Sunday, 14 February 2010

379: Golden Chestnuts I

A small selection of jokes which will stand in for all the other occasions when cartoonists and humorists have used the same joke. Not that they’re employing the same joke because they’re necessarily plagiarising each other, or because it’s a simple cliché. But because certain themes and phrases provoke the same reaction, and hence the same joke crops up. So these are intended to be early examples of jokes which are relatively flogged to death over the succeeding decades, since each time the perpetrator thought he was having some ingenious new comic idea. But there is little that is new under the sun.


from “Shel Silverstein in London”
in “Playboy” June 1967

This is the earliest instance of a recurring English joke. And it’s in “Playboy”, an American magazine. Here it has a certain freshness, because it’s contemporary with the subject of the joke, homosexual legalisation in the UK in 1967.
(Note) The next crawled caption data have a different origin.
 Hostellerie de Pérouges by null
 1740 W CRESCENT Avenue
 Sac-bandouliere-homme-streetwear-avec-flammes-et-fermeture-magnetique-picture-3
The joke, in its most common form:
A man is emigrating from England. He’s asked why he’s leaving. He replies, “At one time homosexuality was illegal, then it became tolerated, now it’s legal. Blimey, I’m leaving before it becomes compulsory!”

Normally it’s used by slightly bigoted people, and had some frequency in the ‘70s and ‘80s. Trotted out for slightly nostalgic effect nowadays. Here, in just about the earliest instances I can find in print, Silverstein puts it in the mouth of a gay man, which rather heightens the militant effect of the joke.